Give back exactly the lines that run from the beginning of the entries to the line containing "Closeup portrait of", both included, and nothing else.
= = = = = = =
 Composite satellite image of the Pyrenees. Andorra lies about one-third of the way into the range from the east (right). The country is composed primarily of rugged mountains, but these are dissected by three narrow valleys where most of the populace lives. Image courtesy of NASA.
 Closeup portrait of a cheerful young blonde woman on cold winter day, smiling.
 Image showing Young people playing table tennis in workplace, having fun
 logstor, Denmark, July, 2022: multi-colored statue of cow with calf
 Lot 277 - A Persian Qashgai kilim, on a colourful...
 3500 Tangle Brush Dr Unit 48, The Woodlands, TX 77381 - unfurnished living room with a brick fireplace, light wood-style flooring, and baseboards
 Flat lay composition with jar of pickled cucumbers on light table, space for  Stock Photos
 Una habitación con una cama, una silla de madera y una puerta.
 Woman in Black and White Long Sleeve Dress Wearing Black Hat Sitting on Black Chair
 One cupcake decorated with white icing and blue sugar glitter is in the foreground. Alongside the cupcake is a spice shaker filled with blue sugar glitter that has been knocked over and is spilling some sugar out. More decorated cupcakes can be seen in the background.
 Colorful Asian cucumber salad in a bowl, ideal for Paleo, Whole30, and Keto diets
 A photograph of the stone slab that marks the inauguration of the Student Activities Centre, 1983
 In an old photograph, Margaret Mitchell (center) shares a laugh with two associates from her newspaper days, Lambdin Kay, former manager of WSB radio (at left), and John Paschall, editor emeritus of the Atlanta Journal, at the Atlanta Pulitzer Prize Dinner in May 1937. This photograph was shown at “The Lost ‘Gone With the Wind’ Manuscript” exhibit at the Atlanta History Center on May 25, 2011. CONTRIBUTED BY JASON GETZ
= = = = = = =
RESULT:
 Composite satellite image of the Pyrenees. Andorra lies about one-third of the way into the range from the east (right). The country is composed primarily of rugged mountains, but these are dissected by three narrow valleys where most of the populace lives. Image courtesy of NASA.
 Closeup portrait of a cheerful young blonde woman on cold winter day, smiling.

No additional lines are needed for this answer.